We’ve been picking the seven Best Days of the Rut for nearly 20 years now, and this is the first time we’ve chosen back-to-back dates. I guess this is a year of firsts (we also picked the earliest best day a couple weeks back), but there’s also this: We are at a stage of the rut where you literally don’t want to miss a day in the timber if you can help it. There are periods during the rut when the action can stall for a while, but this isn’t one of those times. Right now, if it doesn’t happen one day, it may well happen the next.

Here’s a perfect example: A couple of years ago I urged my brother-in-law to hunt Halloween day. He went at it hard, sitting both morning and evening (in stands I directed him to no less) but saw only tepid activity. I tried to coax him back into the timber the next day, but he was having none of it and went duck hunting instead. So I sat the same spots on November 1 and saw constant action, including four great bucks.

There’s something about turning the calendar to November that can’t be denied. I often liken October to a simmering tea kettle, with the lid starting to rattle. When November hits, the first hot doe or an uncontrollable surge of testosterone or a drop in temps invariably knocks that lid off and things get really good. Well, that’s what I’m predicting will happen on Wednesday.

Related: The Best Days of the 2022 Whitetail Rut

Rut Phase: Late Seeking/Early Chasing

A whitetail buck trots across a tan, grassy field searching for does duing the rut.
A buck covers ground in broad daylight to find an early-cycling doe.

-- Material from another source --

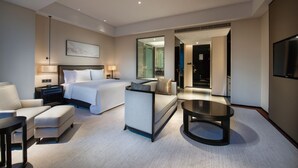 Una habitación de hotel moderna con cama, sofá, mesa de centro, televisión y un espejo grande.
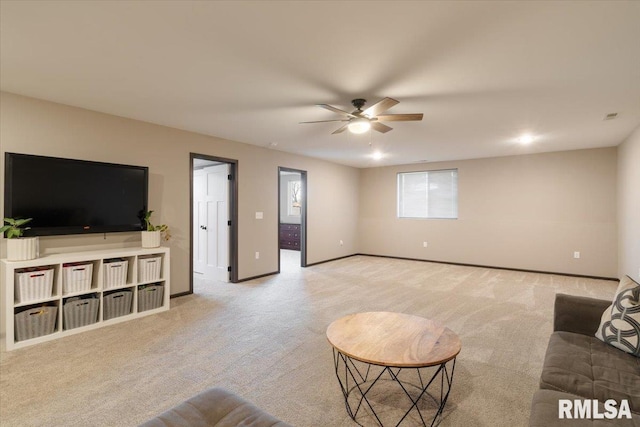 carpeted living room featuring baseboards and a ceiling fan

John Hafner Photography

Up until now, bucks have been behaving mostly like gentlemen—nosing around does and making only half-hearted runs at any that might promise some romance, and then quickly giving up the chase when the right cues aren’t there. All that decorum goes out the window now, as bucks start badgering does in earnest. Now is when they will start making regular swings through doe bedding areas in the morning and doe feeding areas in that afternoons, looking for potential mates. If a cold front or rain/snow event drops now, count on bucks to run any doe they encounter.

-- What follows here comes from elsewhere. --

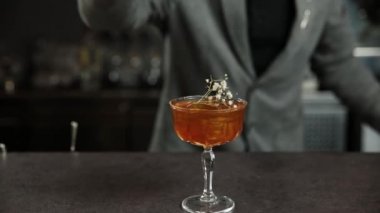 Barmen buzlu alkollü bir kokteyl hazırlar.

November 1 Morning Hunt Plan: Watch a Doe Bedding Area

I generally avoid hunting bedding areas, as I want bucks and does to remain feeling safe where they already feel that way. I’ll still keep buck sanctuaries safe (for now), but it’s time to push the envelope a bit on doe bedding areas. Bucks are going to be searching for does well into the morning, and their favorite place to do so is where the girls sleep for the day. They know these spots well and will be swinging past them well after daybreak. I like to be on the downwind side of the bedding area, as I’ve found many mature bucks will favor that side, trusting the wind to tell them whether there’s an estrous doe holed up there. And you might be surprised how late in the morning buck will swing through. This is the time of year when that 10 a.m. to noon time frame can be really good. So, stick it out, and you may well be rewarded.

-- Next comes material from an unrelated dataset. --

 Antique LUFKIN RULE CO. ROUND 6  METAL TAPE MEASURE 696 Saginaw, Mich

November 1 Evening Hunt Plan: Lure In a Bucks with a Doe Decoy

A Flambeau Master Series Grazing Doe Decoy on a white background
A grazing doe decoy is perfect for setting up in a food plot or ag field. Amazon

As I’ve mentioned, bucks are running down any doe they can see right now, relying on scent, sound, and sight to help them acquire targets. That makes them highly vulnerable to a good doe decoy, especially one placed in or near a hot feeding area. Bucks know these favored salad bars, both from their own grocery runs and all the intel they’ve gathered sniffing around the last few weeks. Normally I shy away from doe decoys, as they often to attract curious does that eventually sniff out the fake and cause a ruckus, but an antlerless deke works perfectly now for pulling in a lovesick buck. Make sure you place the deke in a highly visible area. If deer can’t spot your fake from afar, chances are high they’ll miss it completely.

Hot Tip: Make Your Decoy Come Alive

I’ve been decoying deer for years, and one thing I’ve learned is how much even a slight hint of motion can make all the difference. You can add the impression of motion to your decoy by taping short sections of white toilet paper (or other lightweight fabric) to the ears and tail. Even a slight breeze will cause the material to waver and shift, which will help attract the attention of any cruising buck. Sure, it looks goofy and unrealistic to us, but any buck in the mood is not paying attention to fine detail from a distance. That impression of motion simply indicates that the ruse is real. And that’s often all you need to seal the deal. 

Gear Tip: Hit the Can

Primos's original The Can doe-bleat call, on a white background.
Anyone can make a perfect bleat with a can call. Just tip it over. Cabela’s

I’ve grunted and rattled in a ton of bucks over the years, so I’m all about calling, especially during the rut. And while the guy sounds produced by a grunt tube or horns can surely pull in a buck now, what he’s really interested in is finding a girlfriend. This makes doe bleats and bawls deadly effective now, especially if you encounter a nice buck who just doesn’t feel like fighting. There are plenty of bleat calls on the market but none simpler—or better sounding—than a simple can call. They produce near-perfect bleats; they’re ridiculously easy to use, they store nicely in a pack or pocket, are widely available, and are pretty darn cheap. So, get yourself a simple bleat can before you hit the woods on Wednesday.